## Instructions to follow
Word for word, copy the data that follows and skip its pictures.

[Data segment]

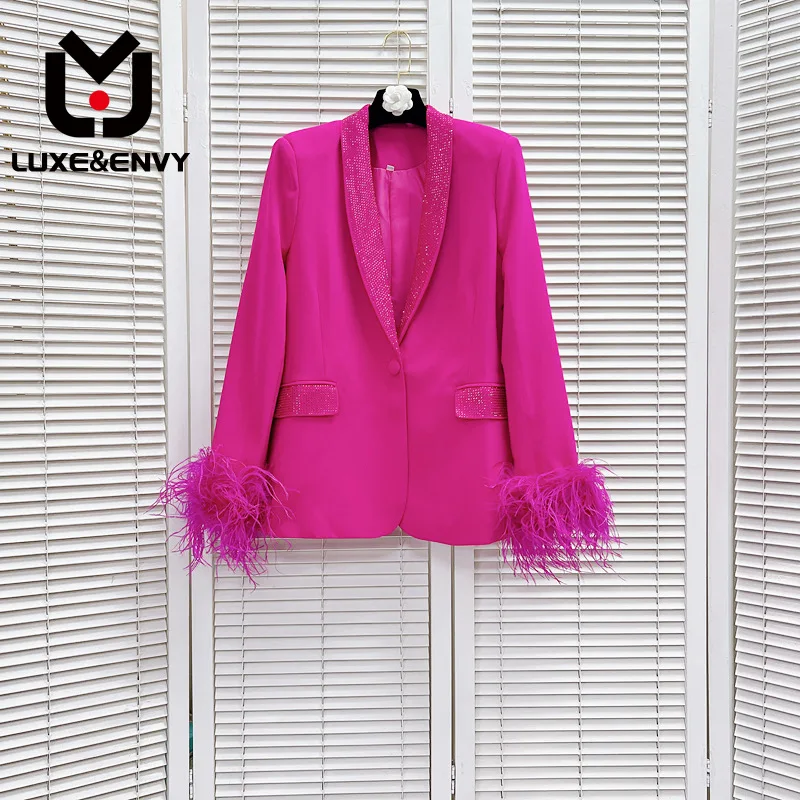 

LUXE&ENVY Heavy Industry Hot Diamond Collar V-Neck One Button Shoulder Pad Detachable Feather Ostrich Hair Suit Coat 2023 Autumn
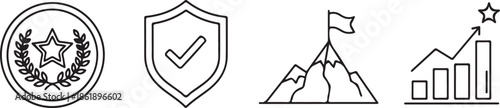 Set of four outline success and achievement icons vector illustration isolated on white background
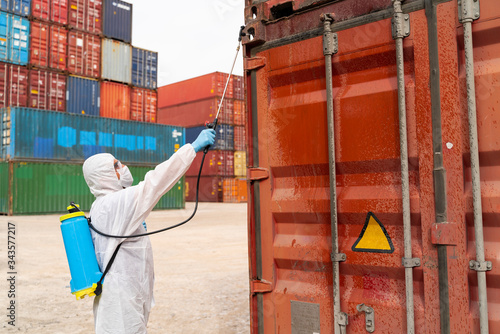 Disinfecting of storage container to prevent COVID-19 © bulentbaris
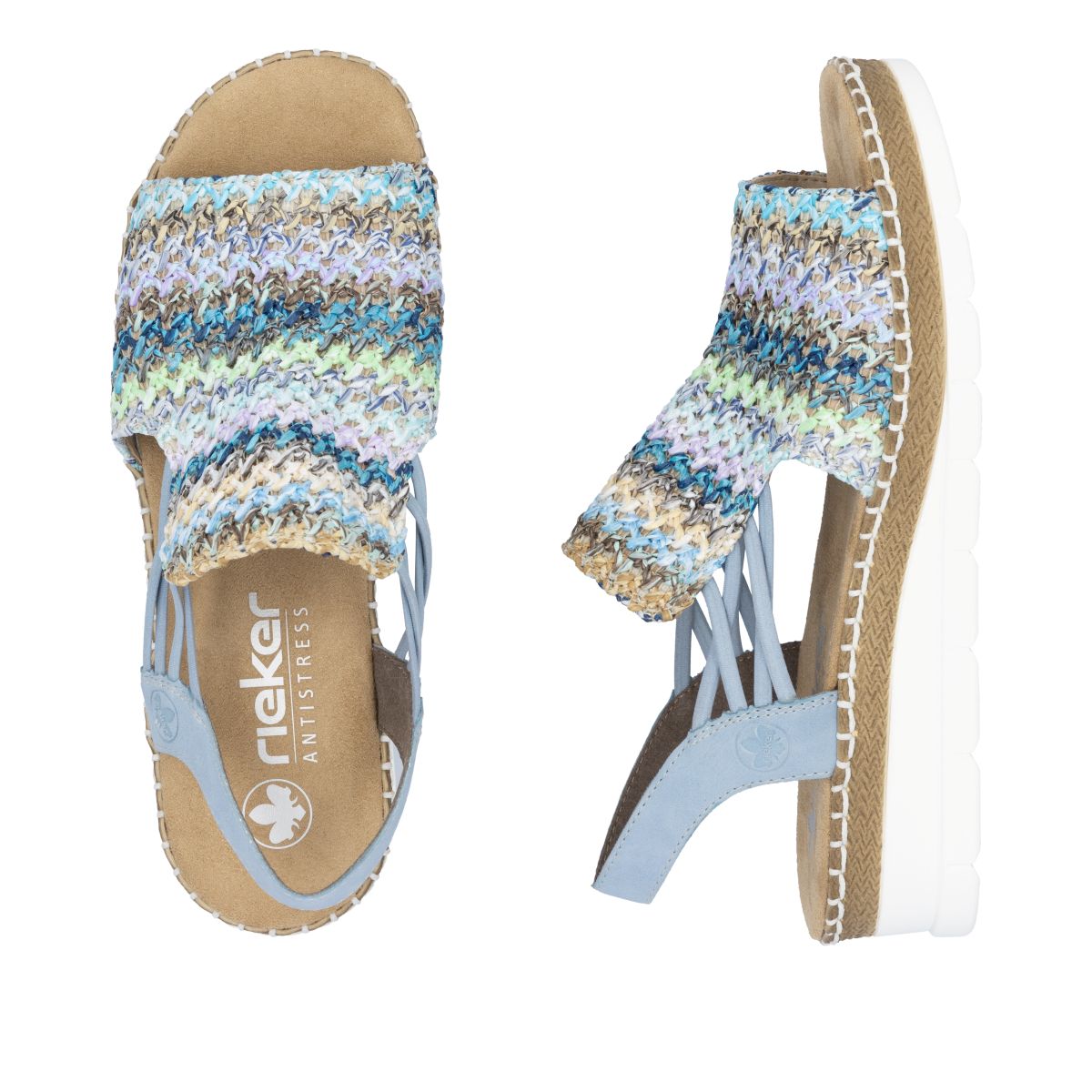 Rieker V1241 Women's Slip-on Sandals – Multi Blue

[/Data segment]

## Exercise solution
LUXE&ENVY Heavy Industry Hot Diamond Collar V-Neck One Button Shoulder Pad Detachable Feather Ostrich Hair Suit Coat 2023 Autumn
 Set of four outline success and achievement icons vector illustration isolated on white background
 Disinfecting of storage container to prevent COVID-19 © bulentbaris
 Rieker V1241 Women's Slip-on Sandals – Multi Blue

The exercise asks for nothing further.